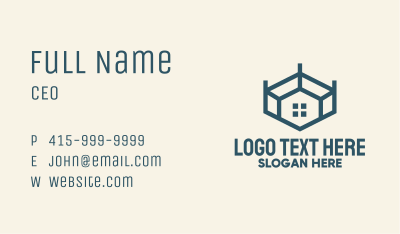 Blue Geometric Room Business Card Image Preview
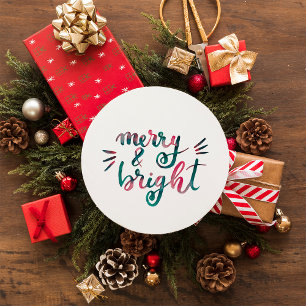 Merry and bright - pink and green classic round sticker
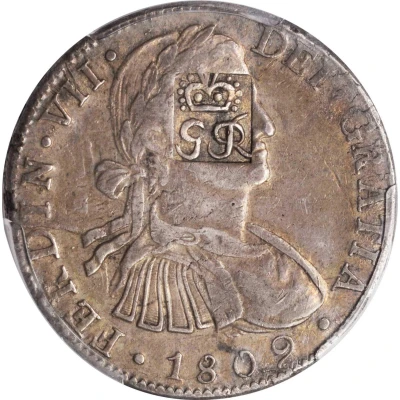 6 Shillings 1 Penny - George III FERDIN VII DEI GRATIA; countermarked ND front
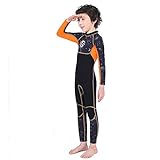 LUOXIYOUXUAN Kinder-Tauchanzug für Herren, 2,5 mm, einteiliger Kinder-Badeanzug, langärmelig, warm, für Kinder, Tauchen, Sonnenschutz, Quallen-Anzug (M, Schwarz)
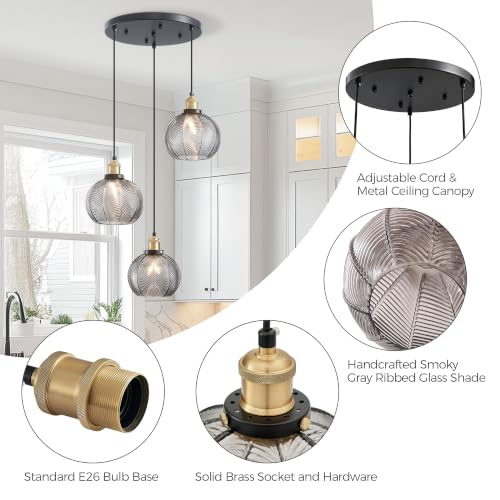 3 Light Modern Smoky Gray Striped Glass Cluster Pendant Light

...

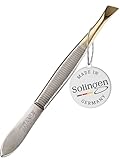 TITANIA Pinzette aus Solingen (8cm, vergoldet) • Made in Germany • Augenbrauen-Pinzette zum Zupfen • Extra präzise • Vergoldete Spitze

WORK INSTRUCTION :: Write out exactly the lines above between the one with "Blue Geometric Room" and the one with "3 Light Modern", inclusive, with pictures left out.

TASK RESPONSE ::
 Blue Geometric Room Business Card Image Preview
 Merry and bright - pink and green classic round sticker
 6 Shillings 1 Penny - George III FERDIN VII DEI GRATIA; countermarked ND front
 LUOXIYOUXUAN Kinder-Tauchanzug für Herren, 2,5 mm, einteiliger Kinder-Badeanzug, langärmelig, warm, für Kinder, Tauchen, Sonnenschutz, Quallen-Anzug (M, Schwarz)
 3 Light Modern Smoky Gray Striped Glass Cluster Pendant Light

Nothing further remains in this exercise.